Кривосельцы, жизнь в Италии, Варшава, первое знакомство с Мирой, повторное пребывание в столице, даже забытая жена и молодость связывались в эту тем более грустную мозаику, что улыбчивую и ясную.
Часами он раскладывал карты, тянул себе банк, будто бы загребал золото, и смеялся, потому что всегда выигрывал. Иногда Анна или Славский должны были ему служить в этой невинной и грустной игре. Он слушал их как ребёнок, но, казалось, не узнаёт. Одну Миру помнил, говорил о ней и с некоторой логикой её защищал, утверждая, что вернётся к нему, что её очернили люди, что только интрига их разделила, потому что она без него, как он без неё, жить не может.
Медальон волшебницы, нарисованный некогда Лесо, который он постоянно носил на груди, клал иногда перед собой, вёл с ним разговор, шептал что-то ему и смеялся. Вдруг вскакивал снова, звал старого Яся, выезжал в Кривосельцы, в лес, а потом через какое-то время требовал, чтобы его одевали к поездке за наследством во Львов.
Думая, что этим доставит ему удовольствие, Славский приобрёл для него фортепиано. Первые дни после его появления Орбека с большим интересом к нему присматривался, пробовал, начал его по-своему настраивать, самым удивительным на свете образом ослаблял струны, и только на таком он сел играть с яростью и пылом, так что выдержать дома было нельзя, из-за страшного шума. Он сломал клавиши, разбил молотки, порвал струны и остался немой клавикорд, на котором уже только одичалая мысль играла мелодии, непривычные для людских ушей. Часто после этой долгой игры, облитый потом, уставший, ослабевший, засыпал он на стуле и его на руках относили в кровать.
ROZDZIAŁ XX
Почти год прожил он в таком состоянии, Анна не отступала от него ни на минуту, всегда имела надежду, что Бог его ещё вылечит, что время вернёт ему утраченный разум, усматривала улучшения, когда его не было, требовала у врача более ясного лучика, напрасно…
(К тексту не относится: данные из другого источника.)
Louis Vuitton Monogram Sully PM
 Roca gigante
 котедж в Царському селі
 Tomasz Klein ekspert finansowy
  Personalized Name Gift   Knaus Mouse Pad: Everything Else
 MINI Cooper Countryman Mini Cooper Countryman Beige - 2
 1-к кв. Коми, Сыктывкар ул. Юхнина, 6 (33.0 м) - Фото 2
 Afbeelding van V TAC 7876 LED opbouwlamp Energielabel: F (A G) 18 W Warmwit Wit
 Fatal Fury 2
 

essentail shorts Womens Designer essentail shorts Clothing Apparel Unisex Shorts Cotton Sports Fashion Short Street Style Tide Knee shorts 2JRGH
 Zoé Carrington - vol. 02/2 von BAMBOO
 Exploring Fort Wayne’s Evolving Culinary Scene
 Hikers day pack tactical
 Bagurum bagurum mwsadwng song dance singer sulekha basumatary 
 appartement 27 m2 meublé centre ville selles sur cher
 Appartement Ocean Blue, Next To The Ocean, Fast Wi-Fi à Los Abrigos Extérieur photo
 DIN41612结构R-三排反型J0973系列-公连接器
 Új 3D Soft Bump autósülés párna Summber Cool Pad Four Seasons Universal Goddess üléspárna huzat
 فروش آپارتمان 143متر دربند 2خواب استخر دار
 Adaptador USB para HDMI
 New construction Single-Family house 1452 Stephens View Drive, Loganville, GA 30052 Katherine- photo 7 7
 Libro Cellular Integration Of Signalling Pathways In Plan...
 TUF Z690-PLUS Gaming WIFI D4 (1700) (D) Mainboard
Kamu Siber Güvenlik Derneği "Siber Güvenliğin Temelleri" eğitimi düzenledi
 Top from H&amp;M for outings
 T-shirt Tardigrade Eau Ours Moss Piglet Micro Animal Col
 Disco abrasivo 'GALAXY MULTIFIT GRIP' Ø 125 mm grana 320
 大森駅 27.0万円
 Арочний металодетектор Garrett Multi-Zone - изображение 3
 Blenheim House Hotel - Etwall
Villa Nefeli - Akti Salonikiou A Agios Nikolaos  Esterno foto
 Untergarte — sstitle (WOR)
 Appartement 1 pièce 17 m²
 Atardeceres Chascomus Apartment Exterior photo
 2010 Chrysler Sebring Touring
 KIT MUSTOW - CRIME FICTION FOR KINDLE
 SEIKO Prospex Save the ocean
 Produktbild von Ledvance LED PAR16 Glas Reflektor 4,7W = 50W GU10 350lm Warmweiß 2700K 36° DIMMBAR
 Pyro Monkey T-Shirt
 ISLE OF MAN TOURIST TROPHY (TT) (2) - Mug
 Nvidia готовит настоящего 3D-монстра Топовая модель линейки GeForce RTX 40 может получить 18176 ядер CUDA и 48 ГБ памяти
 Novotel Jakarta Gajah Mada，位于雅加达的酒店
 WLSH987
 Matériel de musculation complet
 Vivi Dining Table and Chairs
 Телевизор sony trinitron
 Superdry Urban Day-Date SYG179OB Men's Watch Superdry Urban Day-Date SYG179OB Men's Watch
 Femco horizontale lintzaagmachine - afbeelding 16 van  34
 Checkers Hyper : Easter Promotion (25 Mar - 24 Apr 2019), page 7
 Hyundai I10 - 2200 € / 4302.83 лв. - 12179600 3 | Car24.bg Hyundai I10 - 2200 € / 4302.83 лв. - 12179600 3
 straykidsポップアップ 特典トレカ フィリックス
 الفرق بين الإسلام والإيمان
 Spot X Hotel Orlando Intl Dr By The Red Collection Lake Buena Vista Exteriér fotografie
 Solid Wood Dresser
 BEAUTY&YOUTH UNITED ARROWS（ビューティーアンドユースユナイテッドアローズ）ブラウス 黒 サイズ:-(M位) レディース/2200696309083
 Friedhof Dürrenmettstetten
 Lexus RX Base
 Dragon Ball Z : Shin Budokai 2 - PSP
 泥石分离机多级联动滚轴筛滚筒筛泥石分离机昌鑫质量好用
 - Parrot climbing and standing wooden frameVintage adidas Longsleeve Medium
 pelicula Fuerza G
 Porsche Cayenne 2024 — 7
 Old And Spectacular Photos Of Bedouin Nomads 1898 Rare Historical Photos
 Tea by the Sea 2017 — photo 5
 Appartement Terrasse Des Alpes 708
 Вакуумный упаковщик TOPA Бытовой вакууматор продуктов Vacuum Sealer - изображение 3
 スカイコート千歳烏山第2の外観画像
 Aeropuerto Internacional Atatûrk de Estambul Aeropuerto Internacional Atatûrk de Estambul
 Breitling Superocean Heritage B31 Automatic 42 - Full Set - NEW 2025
Наконец и её это самоотречение, эта жизнь сестры милосердия исчерпали, однажды вечером она легла с горячкой и не встала уже больше. Бедность, пост, грусть, изнурение отняли у неё силы, кризис закончился… смертью.
Славского, к несчастью, не было тогда в Варшаве, поскольку был откомандирован как инженер в провинцию; другие знакомые и приятели или не знали об Орбеке, или были в разъездах; бедный безумец остался на милость судьбы.
Спустя какое-то время хозяин дома, у которого была снята жалкая комната позади флигеля из сострадания ухаживал за ним, но однажды, когда надзора не было, Орбека, одевшись, видя, что он один, выскользнул в город и – уже в свою комнатку не вернулся.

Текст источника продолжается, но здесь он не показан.